• **Required action**
Quote every line below exactly and skip any picture.

START Data

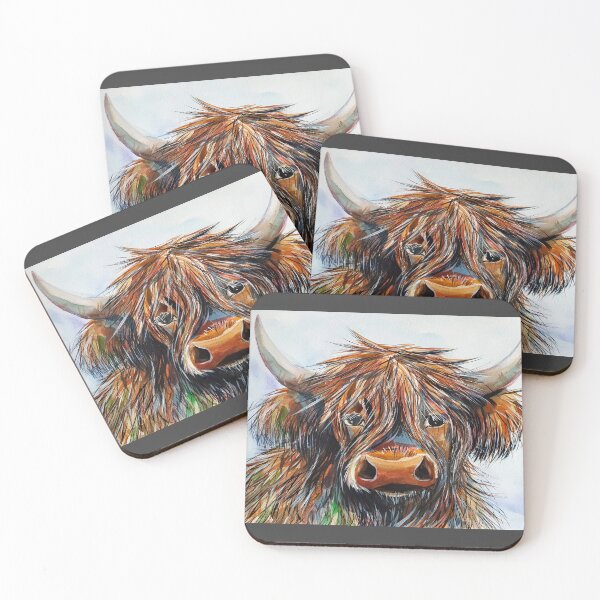 Item preview, Highland cow, watercolour painting by Marina Daniluka designed and sold by MariDaniArt.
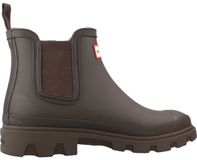 Hunter Downpour Chelsea Bottes de pluie en caoutchouc avec logo et semelle à profil - Marron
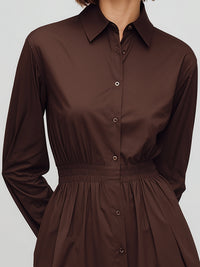 Classic Chocolate Brown Elastic-Waist Shirt Dress
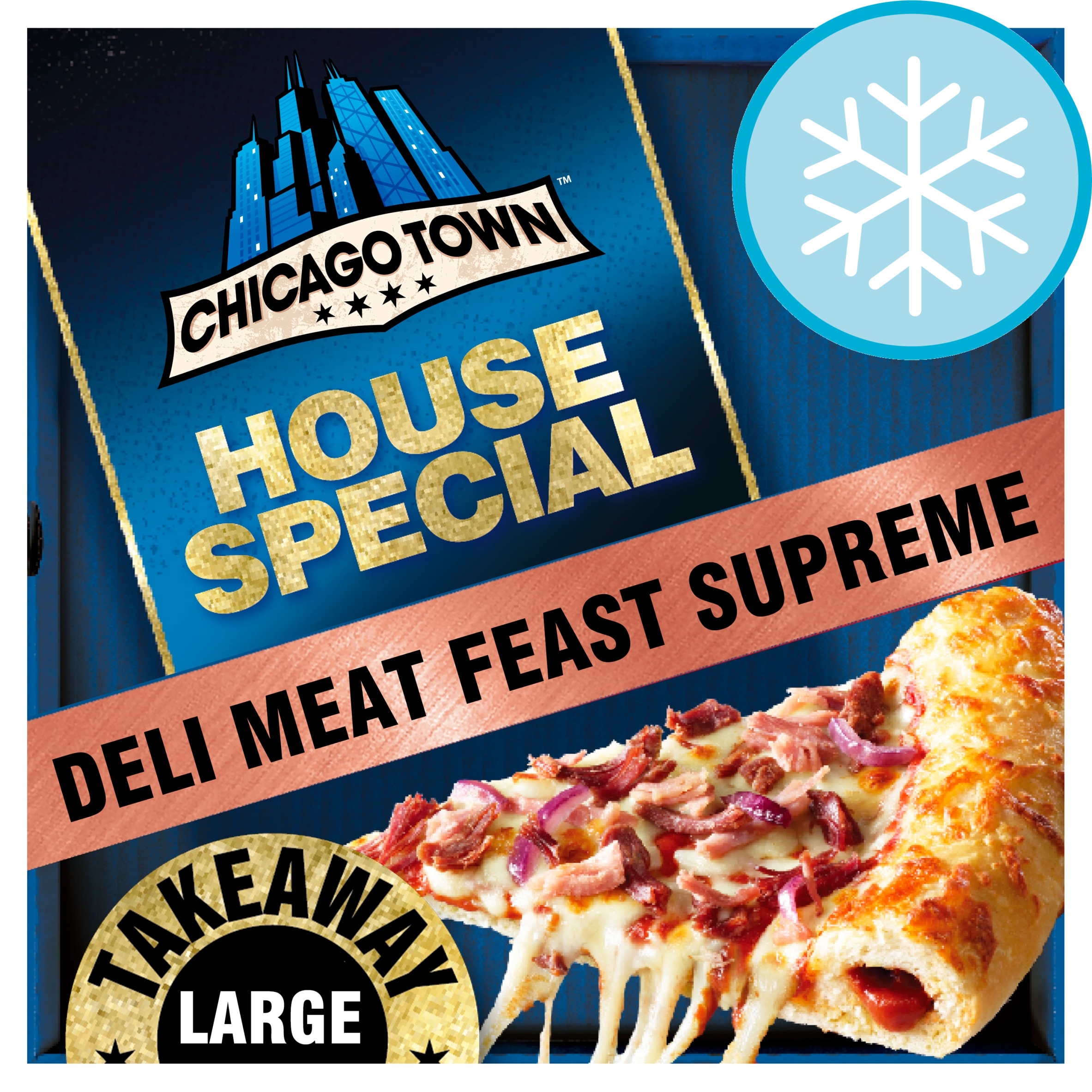 Chicago Town Takeaway Stuffed Crust Deli Meat Feast Supreme Large Pizza 683g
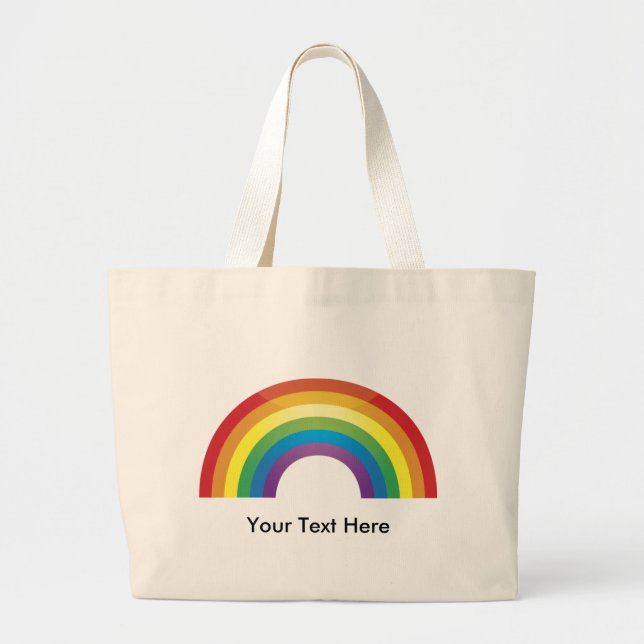 Classic Rainbow Totes- Custom, Personalised Large Tote Bag (Front)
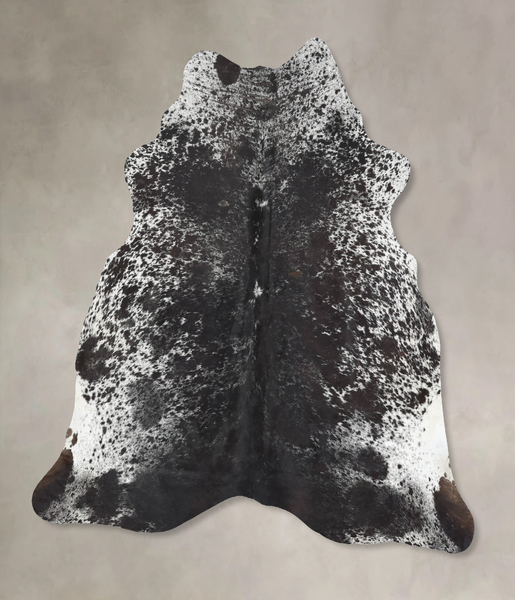 Salt and Pepper Black Cowhide Rug #B13449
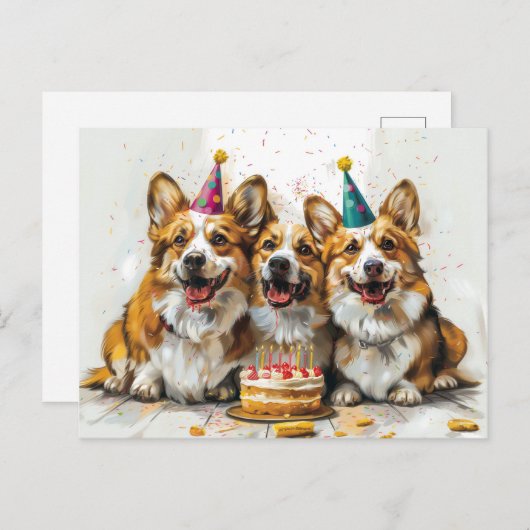 誕生日ペンブロークウェルシュコーギードッグ ポストカード (正面/裏面)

END Data

• **Reply to the exercise**
 Item preview, Highland cow, watercolour painting by Marina Daniluka designed and sold by MariDaniArt.
 Hunter Downpour Chelsea Bottes de pluie en caoutchouc avec logo et semelle à profil - Marron
 Classic Chocolate Brown Elastic-Waist Shirt Dress
 Chicago Town Takeaway Stuffed Crust Deli Meat Feast Supreme Large Pizza 683g
 Classic Rainbow Totes- Custom, Personalised Large Tote Bag (Front)
 Salt and Pepper Black Cowhide Rug #B13449
 誕生日ペンブロークウェルシュコーギードッグ ポストカード (正面/裏面)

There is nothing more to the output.